It is well known that changes in body fat distribution are a common finding in HIV-infected patients treated with HAART, associated with increased triglycerides and insulin resistance (IR) [1321]. In the past, adipose tissue was considered only an energy storage organ, but over the last two decades, it has emerged as an endocrine organ secreting multiple hormones, proteins, and metabolites including inflammatory mediators such as tumor necrosis factor alpha (TNF-α) and IL6 [2226]. Some products produced by adipocytes (e.g., TNF-α, IL6) can induce insulin resistance. Few, as adiponectin can improve insulin action. Leptin shows a clear correlation with adipose mass. Visfatin plays a controversial role in the action of insulin on adipose tissue [2729]. However, the role of these hormones in insulin resistance in HIV patients is not yet completely known.
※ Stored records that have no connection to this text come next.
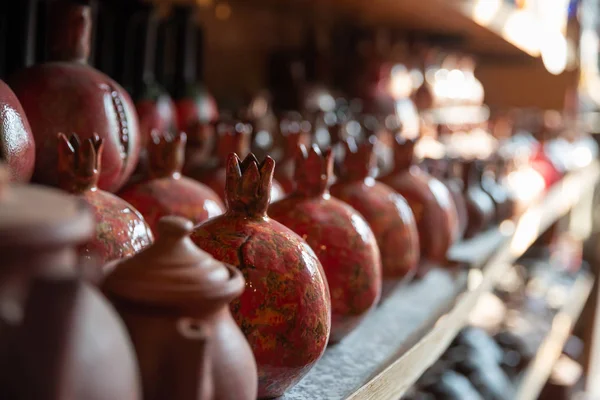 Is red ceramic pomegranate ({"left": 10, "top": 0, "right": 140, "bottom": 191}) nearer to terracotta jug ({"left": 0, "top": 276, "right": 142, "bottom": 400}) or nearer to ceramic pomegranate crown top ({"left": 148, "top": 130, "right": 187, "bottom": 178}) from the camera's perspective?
ceramic pomegranate crown top ({"left": 148, "top": 130, "right": 187, "bottom": 178})

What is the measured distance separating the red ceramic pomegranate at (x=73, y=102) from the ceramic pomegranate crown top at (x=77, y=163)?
11cm

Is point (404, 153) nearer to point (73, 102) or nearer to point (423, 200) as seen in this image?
point (423, 200)

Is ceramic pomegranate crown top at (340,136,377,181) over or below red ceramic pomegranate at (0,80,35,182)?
below

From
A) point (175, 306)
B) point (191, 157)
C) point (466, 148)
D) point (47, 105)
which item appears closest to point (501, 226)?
point (466, 148)

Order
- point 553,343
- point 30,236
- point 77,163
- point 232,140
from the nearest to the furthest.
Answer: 1. point 30,236
2. point 77,163
3. point 232,140
4. point 553,343

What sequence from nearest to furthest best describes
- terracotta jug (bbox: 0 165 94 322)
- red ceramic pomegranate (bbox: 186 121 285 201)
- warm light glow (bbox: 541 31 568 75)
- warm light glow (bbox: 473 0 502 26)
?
1. terracotta jug (bbox: 0 165 94 322)
2. red ceramic pomegranate (bbox: 186 121 285 201)
3. warm light glow (bbox: 473 0 502 26)
4. warm light glow (bbox: 541 31 568 75)

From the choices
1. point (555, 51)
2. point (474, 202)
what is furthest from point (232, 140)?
point (555, 51)

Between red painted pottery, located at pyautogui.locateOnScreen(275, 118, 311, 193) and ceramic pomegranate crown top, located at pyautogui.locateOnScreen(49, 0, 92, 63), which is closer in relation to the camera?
ceramic pomegranate crown top, located at pyautogui.locateOnScreen(49, 0, 92, 63)

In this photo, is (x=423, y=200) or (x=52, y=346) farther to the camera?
(x=423, y=200)

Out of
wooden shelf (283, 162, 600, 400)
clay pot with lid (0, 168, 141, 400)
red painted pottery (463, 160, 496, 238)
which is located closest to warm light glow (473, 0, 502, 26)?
red painted pottery (463, 160, 496, 238)

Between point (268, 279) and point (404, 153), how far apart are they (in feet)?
2.22

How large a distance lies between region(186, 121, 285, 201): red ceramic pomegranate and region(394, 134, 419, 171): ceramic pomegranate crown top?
1.02ft

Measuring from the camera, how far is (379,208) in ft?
3.34

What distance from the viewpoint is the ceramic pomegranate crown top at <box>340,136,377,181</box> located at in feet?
3.35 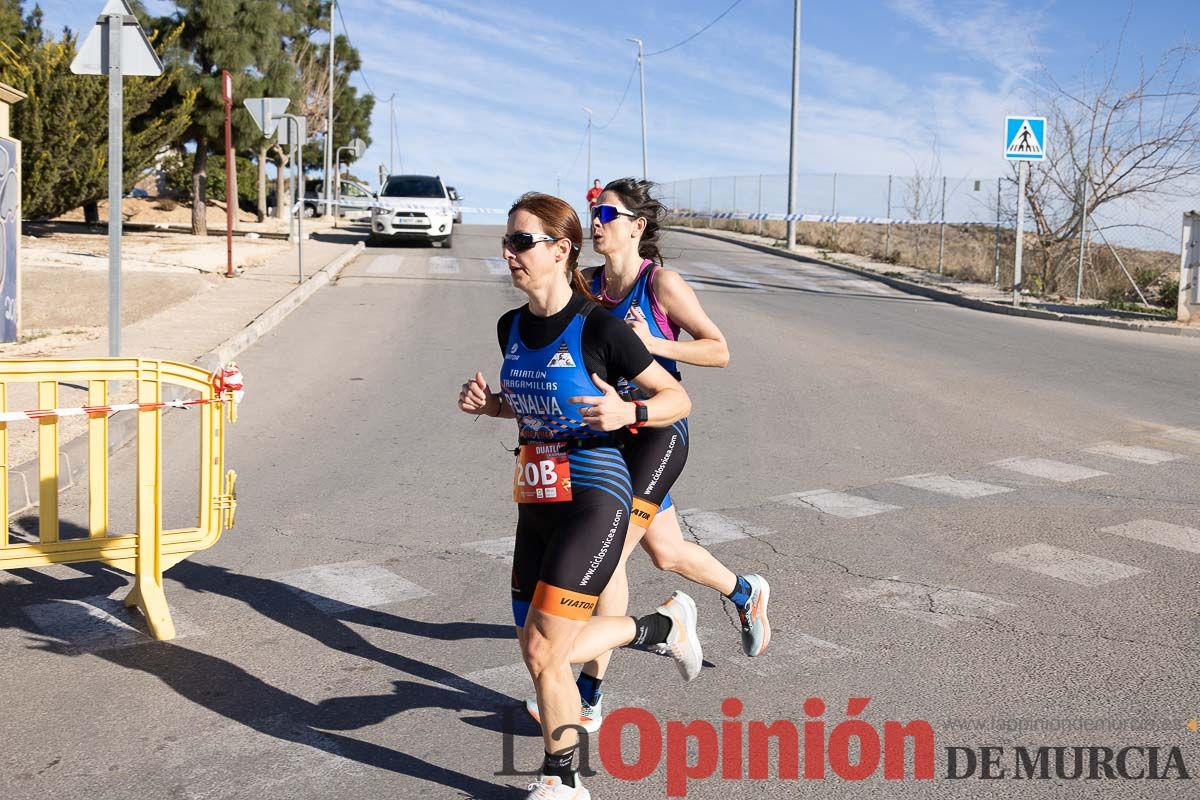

In obesity/type 2 diabetes and other forms of insulin resistance, a subclinical inflammation can have a central role in the induction of insulin resistance [2326]. This state of subclinical inflammation may be a consequence of alterations in the intestinal microbiota [21, 2527] which may interfere with intestinal permeability, increasing the absorption of lipopolysaccharide (LPS) leading to increased activation of inflammatory pathways [26, 3033]. Similarly, previous data showed that LPS circulating levels are increased in HIV patients and correlates with measures of innate immune activation [34, 35]. However, the role of LPS in insulin resistance in HIV patients is not completely known. To examine the role of adipocyte hormones and LPS in reduced insulin sensitivity in HIV patients, in the present study, we investigated the role of adiponectin, leptin, visfatin and LPS plasma levels in the insulin resistance of HIV-infected patients treated with HAART.

Methods

This was a cross-sectional study developed at the University State of Campinas, from January to July 2007.

Subjects

A total of 67 HIV positive individuals (47 men and 20 women; age 40.2 ± 9 years old) on HAART and 10 healthy controls adult (6 men and 4 women; age 34 ± 12.1 years old) were recruited at the Department of Internal Medicine, HIV/AIDS Clinical Research Unit of the Infectious Disease.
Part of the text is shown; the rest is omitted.